Les chutes d'Iguazu, dans le sud du Brésil, ont été utilisées dans le film, bien que, comme le note Q, les chutes étaient censées se trouver quelque part dans le bassin supérieur du fleuve Amazone. La seconde équipe dirigée par John Glen voulait originellement faire passer un vrai bateau par-dessus les rochers mais en tentant de filmer la scène, le bateau s'est encastré dans des rochers au bord de la falaise. L'équipe a alors tenté de récupérer le bateau à l'aide d'un hélicoptère et d'une échelle de corde mais la deuxième équipe a finalement été obligée d'utiliser plutôt une miniature à Pinewood[2]. L'extérieur du quartier-général de Drax se trouvant dans la forêt amazonienne, près des chutes, a en fait été filmé dans les ruines mayas de Tikal, au Guatemala. L'intérieur de la pyramide, en revanche, a été conçu par Ken Adam dans un studio français où il a volontairement utilisé un revêtement brillant pour donner aux murs un aspect plastique et factice. Contrairement aux requins qui ont menacé Sean Connery sur le tournage de Opération Tonnerre (1965), les pythons de Drax n'attaquaient pas les cascadeurs et tentaient de sortir de l'eau le plus vite possible car elle était trop froide pour leur confort. Toutes les scènes du centre spatial ont été tournées dans le Vehicle Assembly Building du Kennedy Space Center, en Floride, bien que certaines des premières scènes de l'usine d'assemblage du Moonraker aient été tournées sur place, à l'usine Rockwell International de Palmdale, en Californie. Le manoir de Drax, situé en Californie dans le film, était en réalité représenté par le Château de Vaux-le-Vicomte, à environ 55 kilomètres au sud-est de Paris, pour les extérieurs et le Grand Salon. Les autres intérieurs, dont certaines scènes avec Corinne Dufour et le salon, ont été tournés au château de Guermantes. Toutefois, la scène de rencontre entre Bond et Holly Goodhead a été tournée au cinquième étage du Centre Pompidou, à Paris[2].

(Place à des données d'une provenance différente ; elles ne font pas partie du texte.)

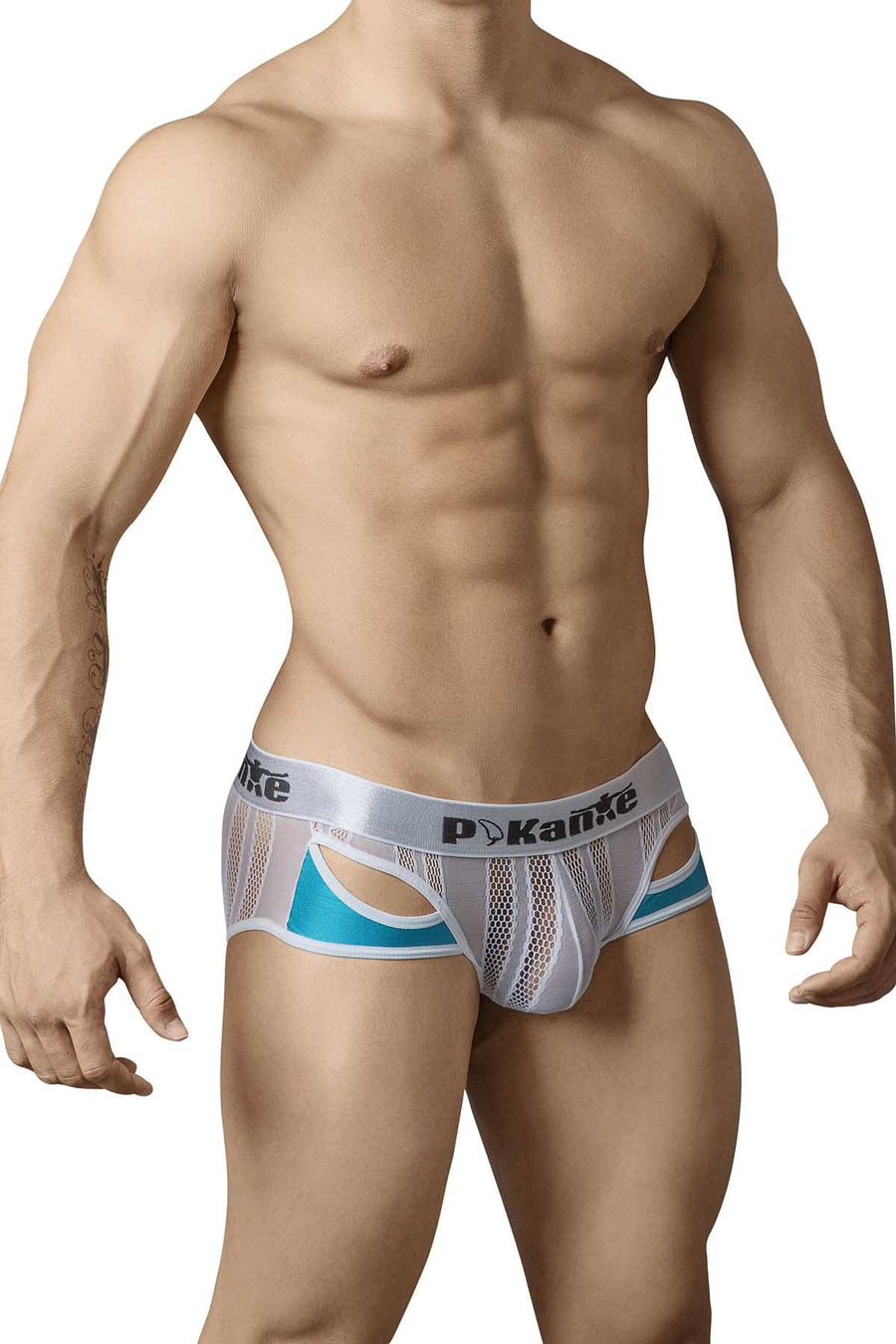 Pikante White/Teal Spicy Brief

La scène de l'affrontement entre Bond et Chang comme elle est montrée dans le film.

La scène de l'affrontement entre Bond et Chang dans le musée a été tournée dans un studio parisien[2] et détenait à l'époque le record de la plus grande quantité de verre en sucre brisée. Le combat a débuté sur la place Saint-Marc, qui réapparaîtra des années plus tard dans Casino Royale. La séquence du pré-générique dans laquelle Bond affronte Requin et le pilote du jet Apollo en chute libre a nécessité 88 sauts (chacun d'eux donnant des plans d'environ trois secondes[4]) et les trois acteurs ont été doublés respectivement par les cascadeurs Jake Lombard, Ron Luginbill et B.J. Worth.

Sortie[]

L'avant-première mondiale de Moonraker a eu lieu le 26 juin 1979 à l'Odeon Leicester Square de Londres. Il a rapporté 14 744 718 $ à sa première semaine d'exploitation en salles. En France, le film est sorti le 10 octobre 1979. Il a totalisé 3 171 274 entrées dont 824 147 à Paris[1].

Médias[]

Photos[]

Vidéos[]

Notes[]

  • Dans ce film, James Bond ne tire qu'une seule fois dans une arme à feu, lorsqu'il abat l'assassin dans l'arbre lors de la scène de chasse.
  • Ce film est le seul dans lequel Bond n'apparaît jamais avec son Walther PPK ou avec une autre arme de poing de façon régulière.
  • C'est également la quatrième fois que le bureau de M est déplacé dans un cadre inhabituel. Il a également été transféré à bord du HMS Tenby, un sous-marin de la Royal Navy, dans On ne vit que deux fois, dans l'épave du RMS Queen Elizabeth dans le port de Hong Kong L'homme au pistolet d'or (1974), dans un tombeau égyptien dans L'espion qui m'aimait et dans un C-130 Hercules dans Tuer n'est pas jouer (1987).